Here, $a_n:=n^{\frac{1}{n}}-1$.
My attempt has been to write
\begin{align*}(1+a_n)^n =& \sum_i^n\binom{n}{i}a_n^i\\ &\geq 1+na_n + \frac{n(n-1)a_n^2}{2}. \end{align*} I can't see how to proceed from here. I could somehow show that the LHS is less than or equal to $n+na_n+1$, I'd be done, as the result would be implied.

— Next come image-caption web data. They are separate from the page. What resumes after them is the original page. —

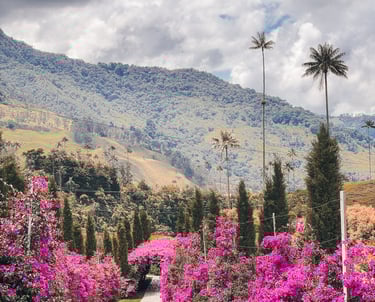 The Exit or Entrance of Cocora Valley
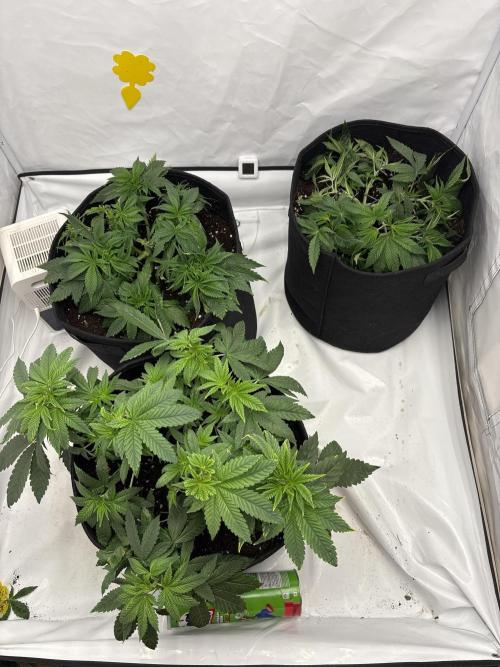 CC • CP • RS11B – Indoor Run. Week 5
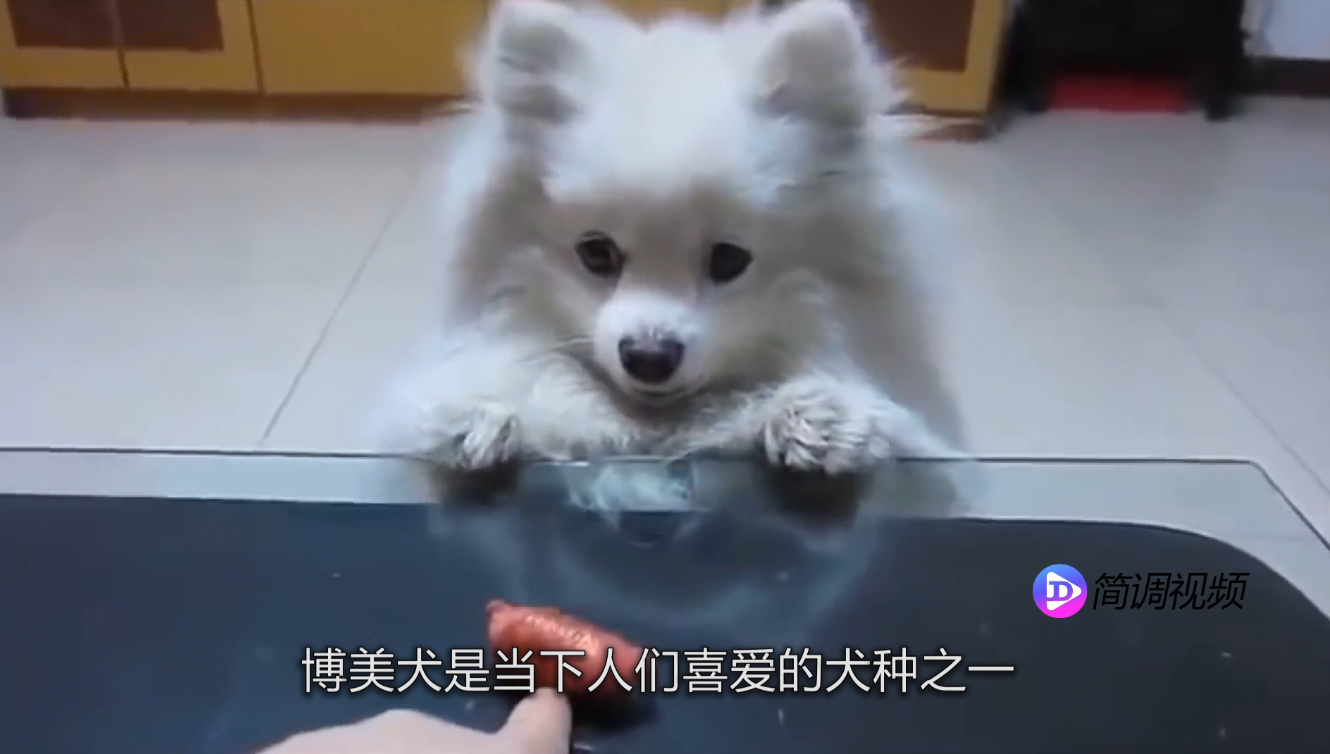博美犬好养吗 博美犬好养吗视频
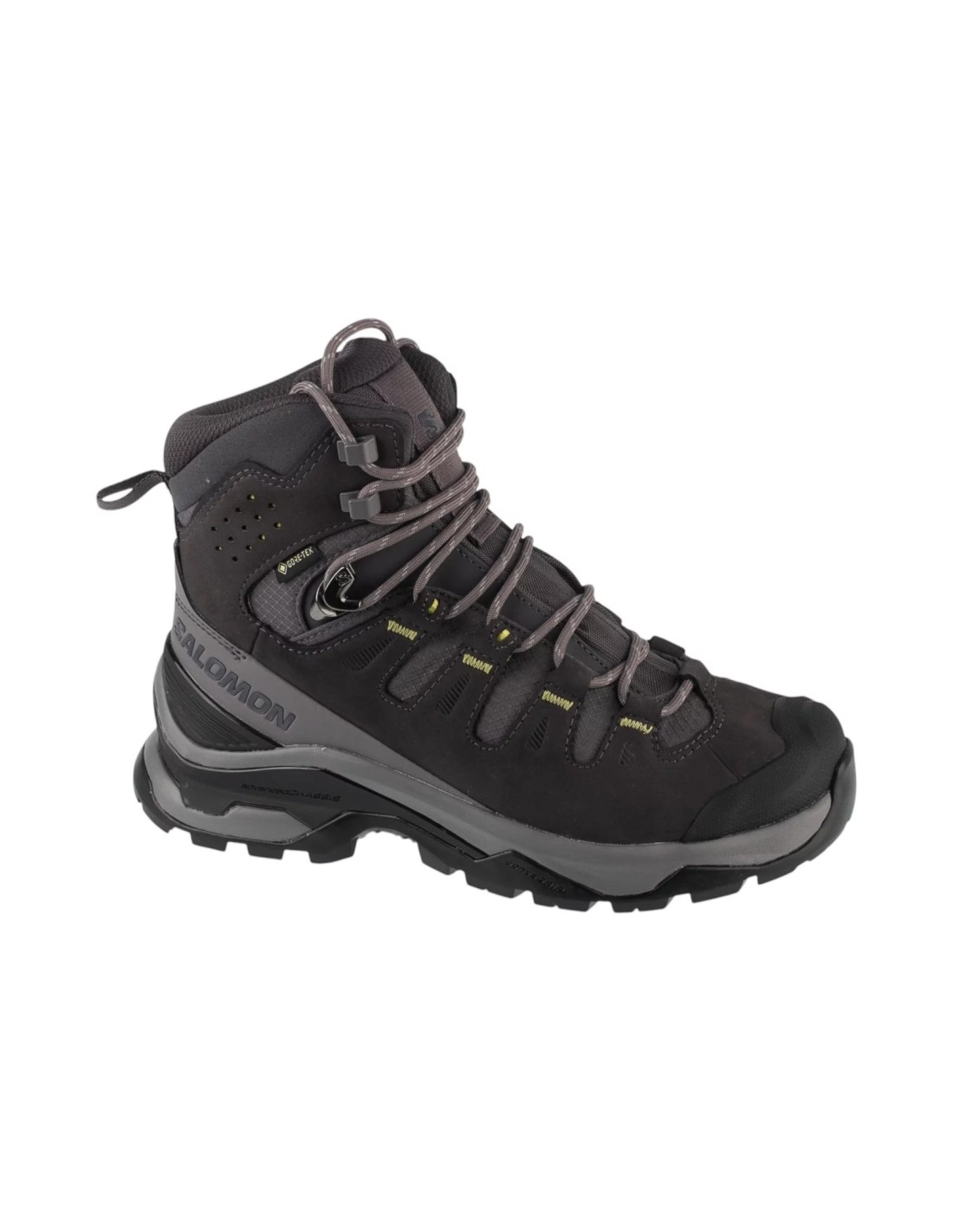 cdn.mybrand.shoes-salomon-quest-5-gtx-w-l49138800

The question has been solved in the comments, hence I will prove a sharper upper bound for $a_n=n^{1/n}-1$. For any $n\geq 2$ we have $n=\prod_{k=1}^{n-1}\frac{k+1}{k}$, hence:
$$ n^{1/n}=\text{GM}\left(1,\tfrac{2}{1},\ldots,\tfrac{n}{n-1}\right)\leq\text{AM}\left(1,\tfrac{2}{1},\ldots,\tfrac{n}{n-1}\right)=1+\frac{1}{n}\sum_{k=1}^{n-1}\frac{1}{k} \tag{1}$$ and by the Cauchy-Schwarz inequality $$ H_{n-1}=\sum_{k=1}^{n-1}\frac{1}{k}\leq\sqrt{(n-1)\sum_{k=1}^{n-1}\frac{1}{k^2}}\leq\sqrt{\frac{\pi^2}{6}(n-1)}\tag{2} $$ hence by $(1)$ and $(2)$ we have that $$ \forall n\geq 2,\qquad a_n=n^{1/n}-1\leq\color{blue}{\sqrt{\frac{\zeta(2)}{n}}}.\tag{3}$$ By studying the function $g(x)=\sqrt{x}\left[\exp\left(\tfrac{\log x}{x}\right)-1\right]$ over $[1,+\infty)$ we have that $(3)$ can be improved up to $$ \forall n\geq 1,\qquad a_n=n^{1/n}-1 \leq \color{blue}{\sqrt{\frac{29}{34\,n}}}.\tag{4} $$